Episode1-9 昼行灯 作戦会議
3人は応接室に戻ると、ノインか侍従を呼び食事を用意するよう頼むと、侍従は既に準備していた食事を部屋に運び入れた。
「一応聞くが、俺が食べても問題ないんだよな?」
「資料にはアレルギーはないとなってるけど?」
そういう問題ではないのだが・・・まあ、死ぬようなものは出さないだろうと諦めた小島はパンを手に取り、おそるおそる口に運んだ・・・少し酸味のあるどっしりとした味わいだ。
種類のよくわからない野菜のサラダととなんの肉か解らないスープを口にした。
・・・質素な味わいだが意外と美味い・・・
飲み物に手を伸ばして気がついたのは、この赤い液体はどう見てもワインだと言う事だった・・・水を要求すると、炭酸水が出てきた。
ノインとヴィッセンシャフトは平然とワインを飲んでいる。小島はアルコールに弱い訳ではないが、食習慣の違いに戸惑っていた。

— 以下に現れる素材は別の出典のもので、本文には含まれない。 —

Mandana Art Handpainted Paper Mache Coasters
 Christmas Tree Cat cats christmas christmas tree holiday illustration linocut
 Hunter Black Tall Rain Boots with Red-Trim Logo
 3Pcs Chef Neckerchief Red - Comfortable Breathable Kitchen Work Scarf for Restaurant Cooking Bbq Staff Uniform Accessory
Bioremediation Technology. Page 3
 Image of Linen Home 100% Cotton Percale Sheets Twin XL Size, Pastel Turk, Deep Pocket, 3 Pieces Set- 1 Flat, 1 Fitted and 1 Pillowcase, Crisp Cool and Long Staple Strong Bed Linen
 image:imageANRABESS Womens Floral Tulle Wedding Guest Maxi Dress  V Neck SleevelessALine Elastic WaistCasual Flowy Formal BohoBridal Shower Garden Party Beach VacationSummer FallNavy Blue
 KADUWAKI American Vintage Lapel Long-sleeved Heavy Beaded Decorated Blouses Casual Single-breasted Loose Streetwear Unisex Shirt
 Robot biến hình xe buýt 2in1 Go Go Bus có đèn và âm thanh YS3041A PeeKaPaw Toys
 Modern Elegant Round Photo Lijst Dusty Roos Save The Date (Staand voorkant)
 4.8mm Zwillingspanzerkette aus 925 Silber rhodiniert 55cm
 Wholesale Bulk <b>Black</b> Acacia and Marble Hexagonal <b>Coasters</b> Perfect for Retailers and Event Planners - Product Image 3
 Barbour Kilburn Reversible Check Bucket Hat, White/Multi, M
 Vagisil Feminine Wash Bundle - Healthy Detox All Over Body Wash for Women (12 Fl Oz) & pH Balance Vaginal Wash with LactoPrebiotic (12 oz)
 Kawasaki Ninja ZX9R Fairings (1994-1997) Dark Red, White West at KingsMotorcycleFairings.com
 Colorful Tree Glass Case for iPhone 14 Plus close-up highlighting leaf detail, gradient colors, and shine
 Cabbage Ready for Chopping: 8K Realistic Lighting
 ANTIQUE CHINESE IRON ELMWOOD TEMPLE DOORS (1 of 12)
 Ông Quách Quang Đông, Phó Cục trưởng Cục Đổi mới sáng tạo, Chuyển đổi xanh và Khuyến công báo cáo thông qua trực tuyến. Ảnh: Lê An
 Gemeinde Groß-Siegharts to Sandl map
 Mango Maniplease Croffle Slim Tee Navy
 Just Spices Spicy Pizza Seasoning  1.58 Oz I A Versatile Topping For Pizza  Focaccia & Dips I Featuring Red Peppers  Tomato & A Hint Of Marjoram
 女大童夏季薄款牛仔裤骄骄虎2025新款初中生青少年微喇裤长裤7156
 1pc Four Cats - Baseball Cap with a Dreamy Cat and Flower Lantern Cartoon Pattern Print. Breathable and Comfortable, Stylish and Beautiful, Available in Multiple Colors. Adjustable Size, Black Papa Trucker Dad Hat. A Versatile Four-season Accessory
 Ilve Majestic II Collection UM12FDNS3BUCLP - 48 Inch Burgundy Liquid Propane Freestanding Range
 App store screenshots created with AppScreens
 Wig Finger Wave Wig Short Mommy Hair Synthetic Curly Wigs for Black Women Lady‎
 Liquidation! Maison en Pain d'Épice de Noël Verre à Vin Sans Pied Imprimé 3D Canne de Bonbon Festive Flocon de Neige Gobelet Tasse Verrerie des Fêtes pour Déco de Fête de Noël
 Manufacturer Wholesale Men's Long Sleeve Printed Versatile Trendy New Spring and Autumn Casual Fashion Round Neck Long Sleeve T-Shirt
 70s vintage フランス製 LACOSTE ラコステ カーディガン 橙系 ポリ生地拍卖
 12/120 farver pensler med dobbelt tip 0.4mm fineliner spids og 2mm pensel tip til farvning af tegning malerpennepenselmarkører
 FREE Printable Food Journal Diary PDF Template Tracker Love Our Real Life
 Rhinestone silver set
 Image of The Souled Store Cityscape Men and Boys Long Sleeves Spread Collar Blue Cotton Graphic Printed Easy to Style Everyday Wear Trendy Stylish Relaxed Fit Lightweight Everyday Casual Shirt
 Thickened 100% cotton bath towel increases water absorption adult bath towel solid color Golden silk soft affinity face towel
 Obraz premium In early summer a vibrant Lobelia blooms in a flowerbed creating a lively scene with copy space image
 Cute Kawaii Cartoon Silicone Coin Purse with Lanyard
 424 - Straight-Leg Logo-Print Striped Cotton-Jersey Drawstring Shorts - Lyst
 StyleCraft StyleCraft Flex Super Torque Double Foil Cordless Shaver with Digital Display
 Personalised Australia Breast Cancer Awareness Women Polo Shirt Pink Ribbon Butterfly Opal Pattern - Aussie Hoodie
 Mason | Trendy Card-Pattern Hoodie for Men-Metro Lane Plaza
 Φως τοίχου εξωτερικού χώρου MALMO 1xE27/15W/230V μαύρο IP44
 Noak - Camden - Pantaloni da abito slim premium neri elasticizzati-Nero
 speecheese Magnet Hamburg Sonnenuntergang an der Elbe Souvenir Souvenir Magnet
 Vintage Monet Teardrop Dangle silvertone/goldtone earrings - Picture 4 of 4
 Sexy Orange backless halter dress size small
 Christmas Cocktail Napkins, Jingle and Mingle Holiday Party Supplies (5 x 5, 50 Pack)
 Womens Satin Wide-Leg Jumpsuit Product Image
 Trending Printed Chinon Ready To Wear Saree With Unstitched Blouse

「さて・・・食べながらで悪いんだけど、いくつか説明するわ・・・」
まず、逃げた藤井は、ノルドバーン王国では外交特使として招かれているという建前になっていること・・・日本とは貿易相手として国交を結び、技術や文化の交流をする予定であり、通貨ではなく金などの資源で物々交換をする予定であった。そのテストのために書籍やコンピューターなどを送った中には多量のマンガなどが含まれていた。
このため今回の人間を転移するプロジェクトのついでに、技術パフォーマンスの一環として「わかりやすい」武器などを作ったのだという。
しかしそれを藤井が持ち逃げして逃亡したため話がややこしくなる。
藤井は外交特使であるため、ノルドバーン王国の法律で裁くのは問題がある。また、ノルドバーン王国の法律では外交特使の犯罪は基本的に特使派遣元の責任、ということになるが、自衛隊側は貴重な特殊部隊の隊員をこれ以上失うのを恐れ人員を投入したがらなかった。
若原2佐が転移してノルドバーン王国に行くと、転移魔法陣を起動できなくなるため、責任を取るには誰か他の人間が必要だったことで、今回の人選になった・・・ということだ。
「ええと・・・つまり藤井を撃つのはマズイの?」
ヴィッセンシャフトが少し顔を顰めながら答えた。
「いや、撃っても装甲を撃ち抜くのは少し困難だ」
「おいおい・・・RHA1800ミリって言ってたろ?どんだけ硬い装甲なんだよ・・・」
RHAとは均質圧延鋼装甲のことで、早い話が防弾鋼板に換算してどの程度の貫通力があるかを示す値だ。1800ミリとはつまり、鉄の塊を1800ミリ貫通する能力があるということだ。
一般的に戦車砲は、RHA400〜1000ミリ程度であるのに、たった11ミリ程度の口径でこの威力は物理法則を無視したような数値だ。
「貫通させたいなら2発同じ場所に着弾させればギリギリ貫通はすると思うんだが・・・関節部分も薄い場所ではあるけど一発目は止まるはずだ・・・それと装甲を貫通できないだけで、中の人間を衝撃で気絶させる程度には吹っ飛ばせる・・・同時に胸部の魔力炉を破壊できれば機能も停止するだろう」
「・・・まあそれはなんとかするとしてだ、問題はどこに逃げたかなんだよな・・・」
「それについては、目星はついているのですけど」
ノインは藤井が逃げた先は西の森の中だという。
そこには魔物がいて、それらを狩ればあの鎧や剣の動力源になる魔石が採れるのと、藤井は空挺レンジャー出身でサバイバル能力に長けており、着ている鎧の性能ならそれらを狩るのは容易だということだった。
「やっぱエリートじゃんよ・・・勘弁してくれよ俺ただの武器科隊員なんですけど・・・」
小島が弱音を吐くと、ノインがジト目で小島を見ている。
「ただの武器科隊員は触ったこともないはずのカスタムライフルをあんなに慣れた手付きで分解調整して撃てるもんなの?槍を避けたのもまぐれには見えなかったけど・・・」
小島は痛い所をつかれた顔をした。